Thanks so much for your well-considered reply and support. It sounds as if you found a good approach there away from dogmatism. Wishing you all the best for your journey.
firstly I would like to thank you not only for this post but also for other articles and your books. I am a young scientist who started to do yoga mostly for physical reasons and continued because I could not longer ignore changes it (yoga) brought to my body and (mainly) soul. Finding balance between what my “science mind” and “yogi feeling” tell me is unearthly difficult sometimes (sorry for unclear naming, descriptive system of yoga is difficult to grasp for me).
Our yoga teacher pointed me to your books and I could not be happier. I used to feel very humiliated when reading about how you should completely surrender to “guru” or “lineage”. I find it absolutely unacceptable – believing something just because it is. This would take science (and humanity) nowhere.
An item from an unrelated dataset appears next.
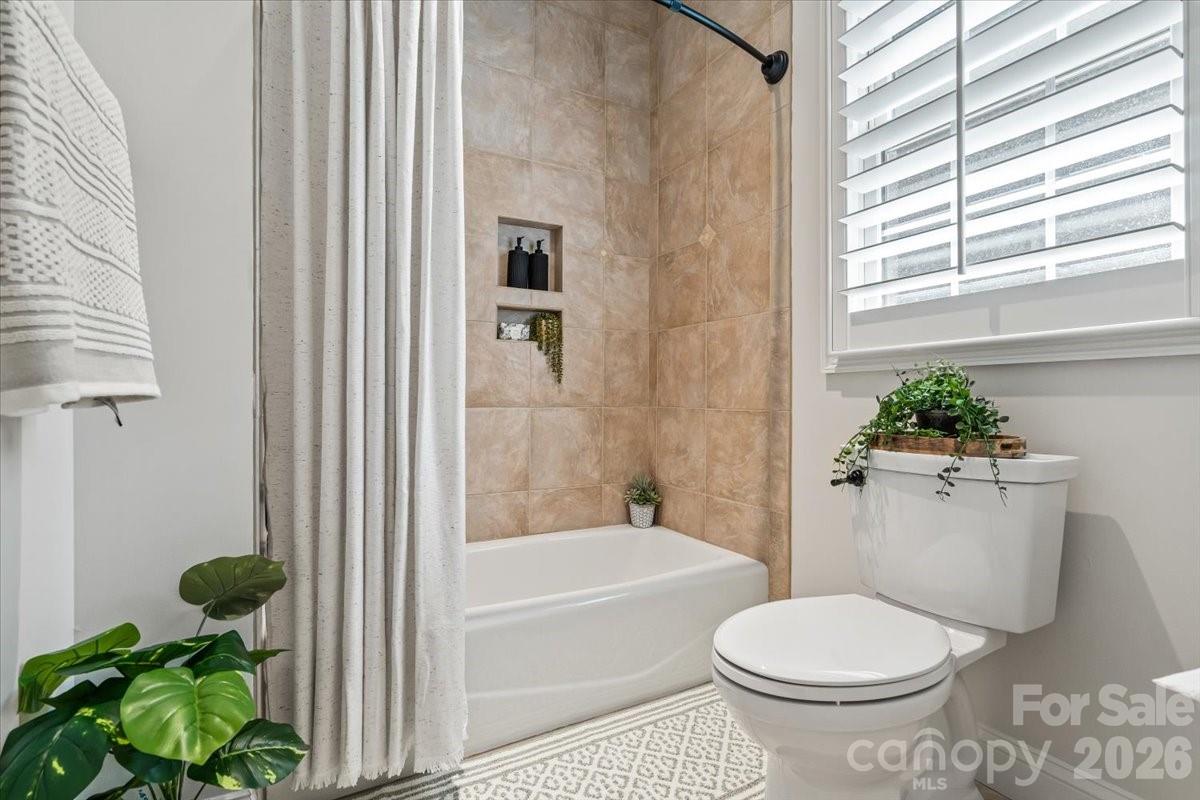 7832 Chapel Creek Drive Property Photo 28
I tried to avoid thinking about this subject expecting that later on my path I would eventually understand. I thought it is just my ego talking.
Humiliation resulted from me starting to doubt my teaching techniques (encouraging questioning, curiosity, study of the subject, self and also methods used). Students taught me so much, mainly by questioning me and my (scientific) methods. For years I was trained to use my “brain” and logic to solve problems and meet the unknown. Believing that there is a person that “knows it all” is absurd in science. Coming into contact with infinite complexity of nature every day humbles you in some way and having a mentor who is considered an expert in the field while still being a sweet, friendly and humble man set some expectations about my future teachers (whether I “meet” them in person or through the book).
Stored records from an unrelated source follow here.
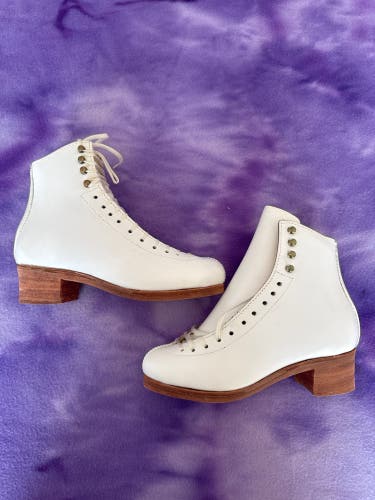 Harlick Competitor Plus Figure Skates Adult 4 (New)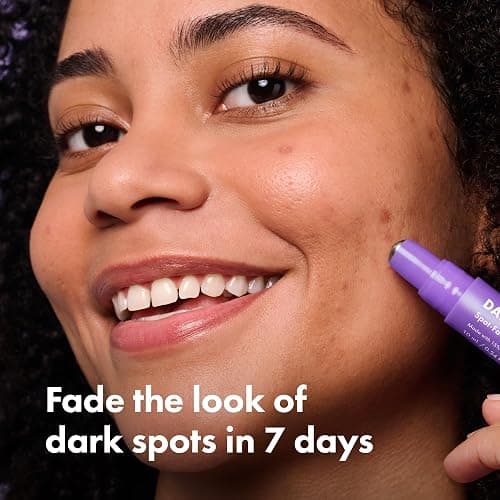 Hero Cosmetics Dark Spot Correct Spot-Fading 15% Vitamin C plus Hyaluronic Acid Serum. Improves the Look of Post Blemish Marks in 7 Days. Twist Applicator and Rollerball Tip for Easy Application. 10mL thumbnail 2
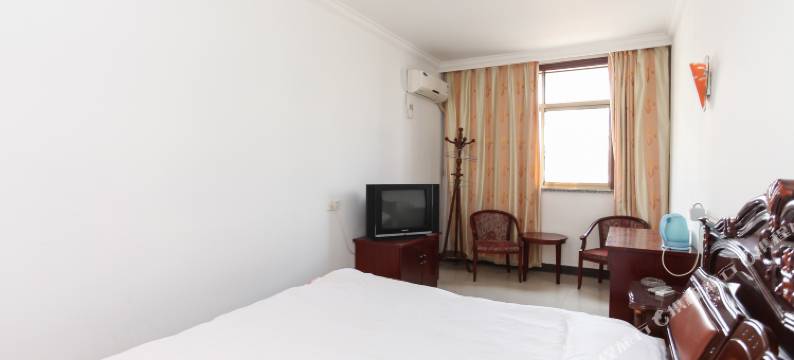 启东华泰宾馆图片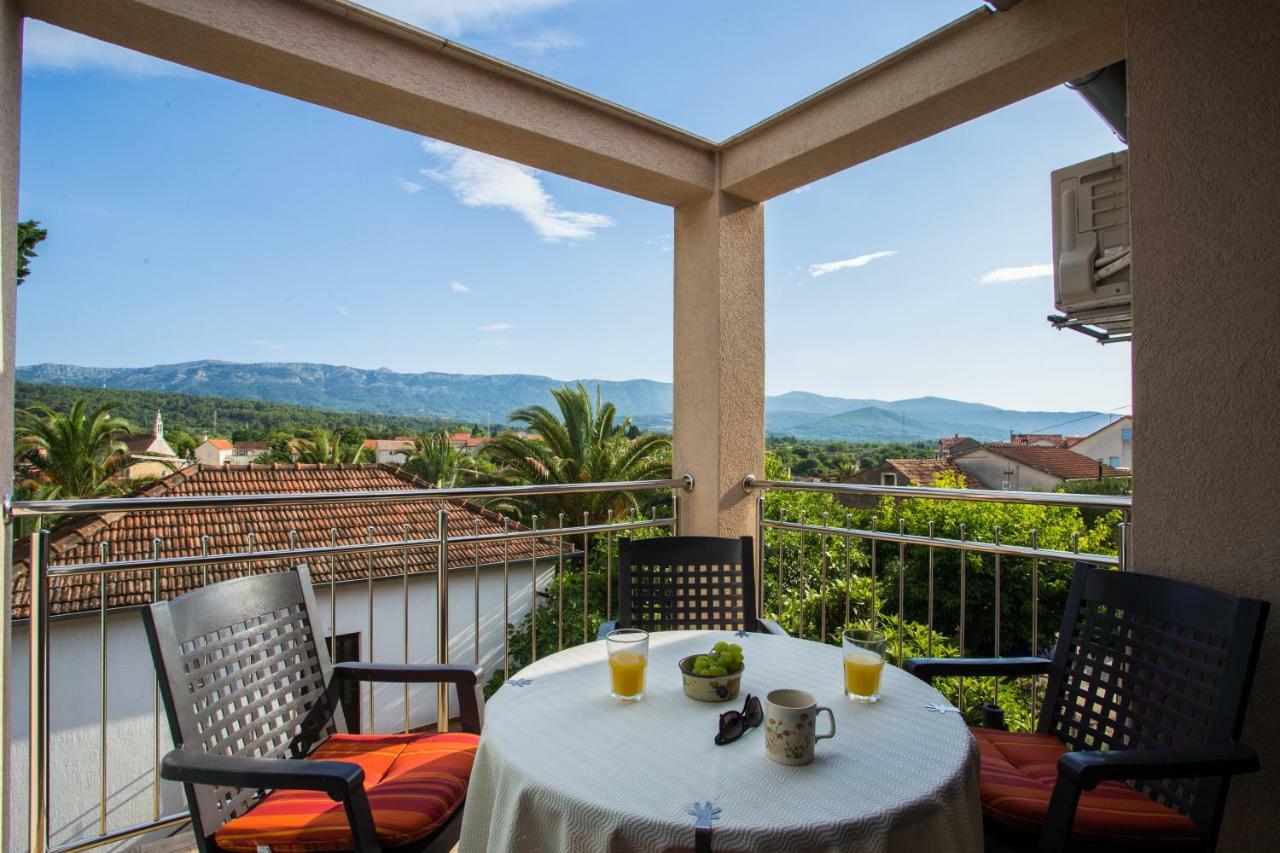 Apartment Smuljic Vrboska Luaran gambar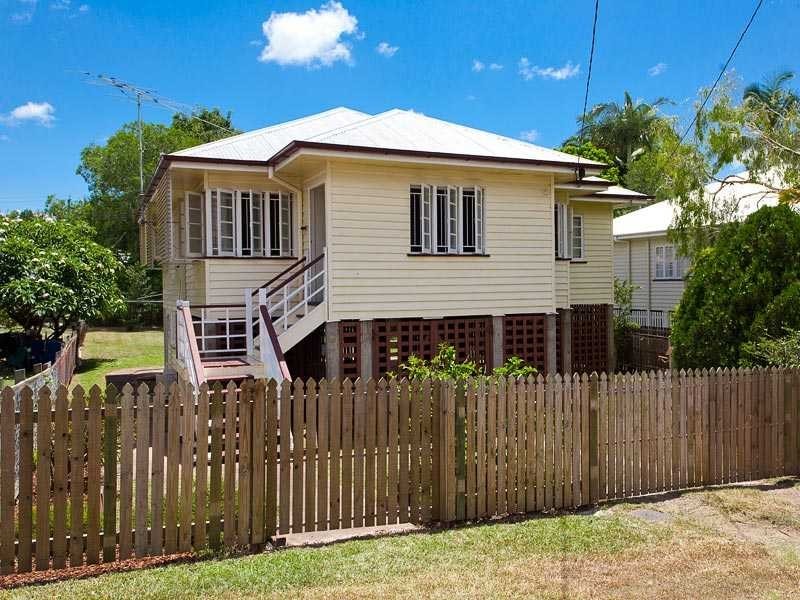 25 Farm Street, Newmarket QLD 4051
Thanks to you I can actually study texts and am not afraid to think about them. I am at very beginning but finally I have the feeling that my hitherto path was not complete waste of time. This article was also very good reminder for me not to fall in “cult-like” thinking – I have observed myself doing things I would never willingly do just because my teacher told me so (mainly doing asanas I was afraid to do). And thanks to some “teachings” I thought it was right thing to do so.
Again: thank you for promoting critical thinking and questioning. And thank you for showing my science-mind that having science-yogi-soul is also possible.
I wish you and Monica all the best, I love what are you both doing.
(Sorry for my English. Greetings from Slovakia.)
Thanks for your reply. Believe me you are on the right path. People who believe they are above being questioned are anyway not worth following. I found being questioned by my students was very fertile for my own teaching and I always encourage them to do so. Often the questioning of my students leads to contemplation that may be challenging at first but leads me to a deeper understanding in the end. How could a teacher believe to come up with all the right questions in the first place. Very often the most important questions do get asked by our students. If a teacher asks you to believe in them and in their personage and to accept their authority unquestioningly, they have already lost the way and are nothing but charlatans.
Wishing you all the best.
PS Not sure whether you’ve seen it but I’ll be teaching in Prague and Zagreb in April.